Ok, after this I promise I’ll go back to writing about other stuff, but Jerry has just posted a video of the barbershop wedding performance on YouTube, and I have to share it with you.

Highlights include:

  • Seth smiling and smirking his way through the whole affair, as he does with many things in life.
  • Mrs. Updyke looking like the happiest bride in the world.
  • Mr. Updyke, with beer in one hand and woman in the other, looking like a seasoned barbershop professional having a little fun.
  • Me mostly sort of looking like I am in pain, which I was not. I was having the time of my life, but I was also trying to concentrate and not mess up.
  • -02:57: Jerry assuring Seth he was playing the right note on his pitch pipe. Seth never grew to fully trust that pitch pipe. He always thought it was playing him the wrong starting note.
  • -02:52: Me not sticking my opening note. If you’re going to be solid on any note, it should be that opener. And I swear I always hit it in our practices. Oh well. Everyone else stays right on key and I recover ok.
  • -02:05: Jerry holding up his ring finger when we sing “Place a wedding band upon your hand.” This is the extent of what we could come up with, choreography-wise.
  • -01:49: The crowd interpreting a pause as the end of the song and going wild.
  • -01:02: Mr. Updyke leaning in to the mic and really emphasizing the crazy low note he hits here.

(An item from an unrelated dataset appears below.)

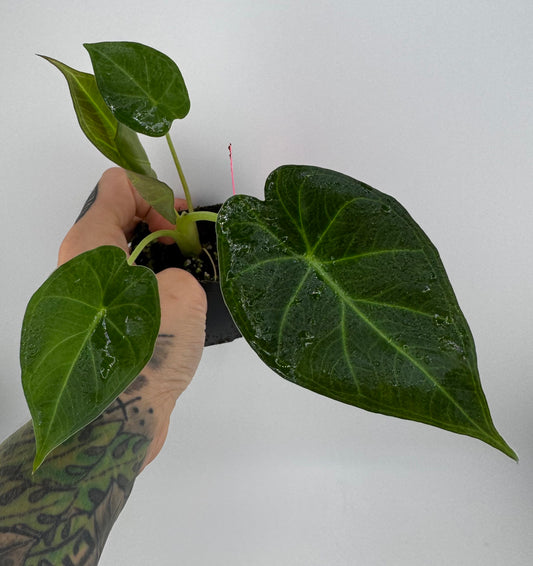 Alocasia Regal Shield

People being greatly amused by this.
  • -00:54: That’s right. Key change.
  • -00:18: Seth taking us out with a cool-looking, commanding “bam!” hand motion that was actually a signal for “I’ve been holding this note for a long time and I am now out of breath.”
  • -00:15: Seth, Andrea, and I coming in for some love and Papa Updyke shoving us away. He later explained to me that he was trying to get us to spread out and take a bow, but then came to the realization that it was too much to orchestrate.
  • -00:09: The four of us celebrating the culmination of several months of work, and our shared musical bond, by warmly embracing each other.
  • -00:04: Me getting a face-full of Updyke’s boutonniere, because he is so freaking tall.

Enjoy.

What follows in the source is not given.